→ Source material
□ □ □ □ □ □ □
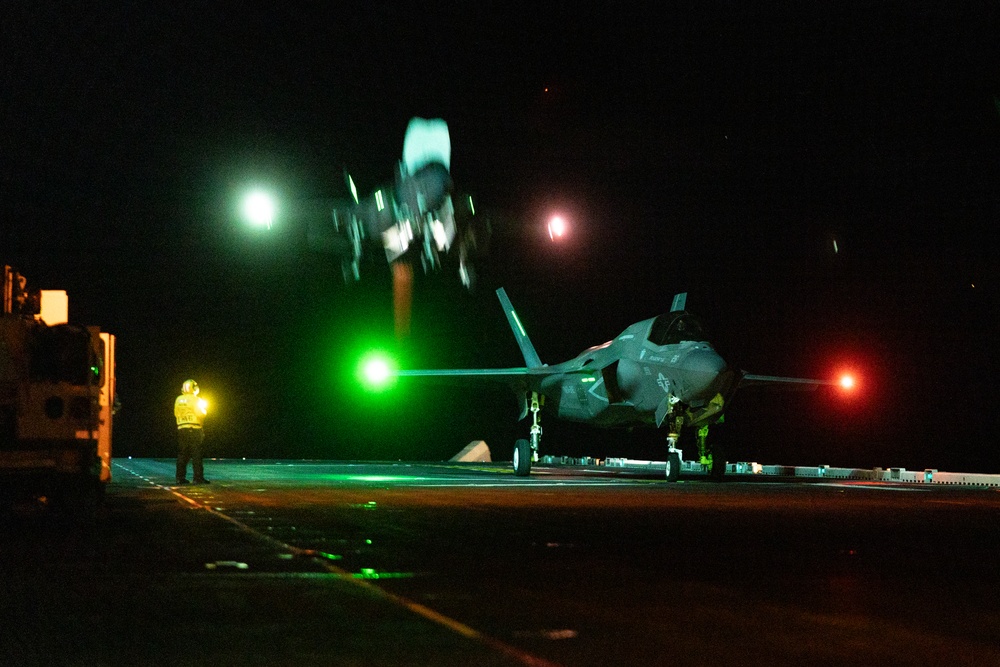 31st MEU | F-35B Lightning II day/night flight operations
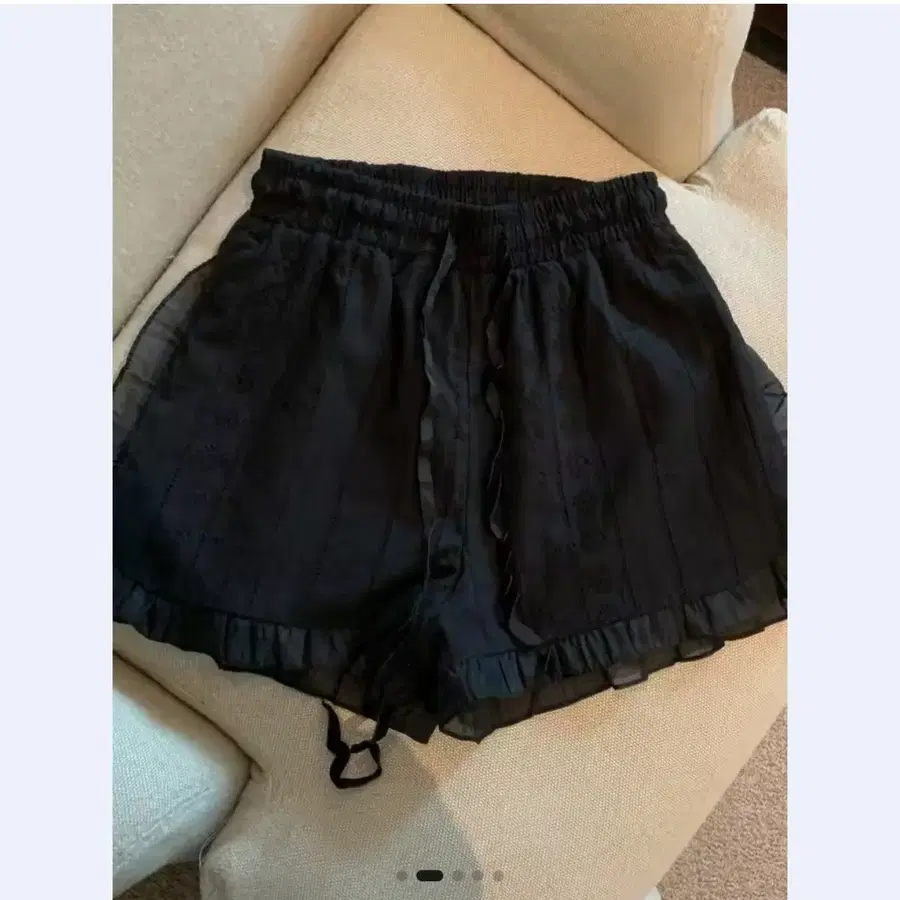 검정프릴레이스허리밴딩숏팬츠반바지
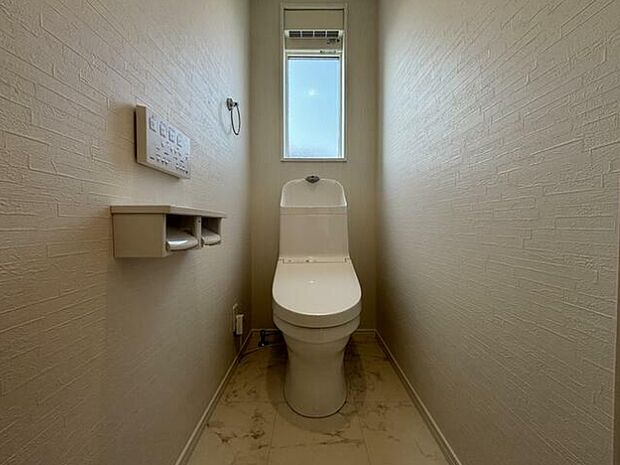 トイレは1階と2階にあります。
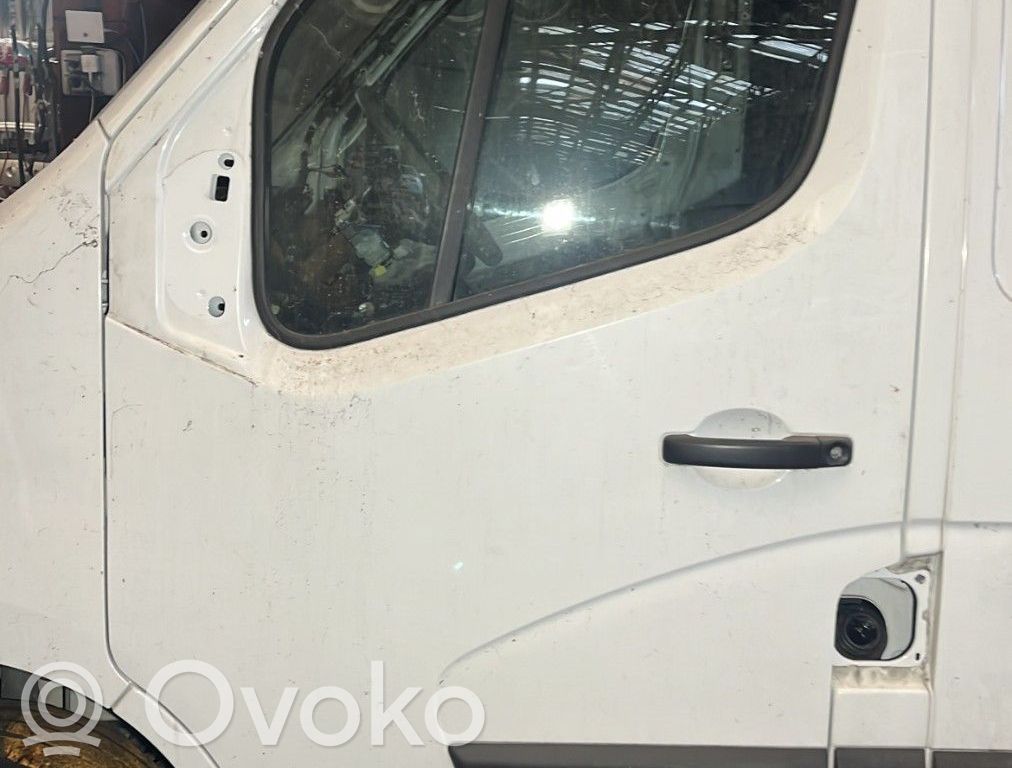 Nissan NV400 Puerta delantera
□ □ □ □ □ □ □
What you need to copy is the run of lines from the one holding "검정프릴레이스허리밴딩숏팬츠반바지" through the end of the data, exactly and only, both ends included, pictures omitted.

 검정프릴레이스허리밴딩숏팬츠반바지
 トイレは1階と2階にあります。
 Nissan NV400 Puerta delantera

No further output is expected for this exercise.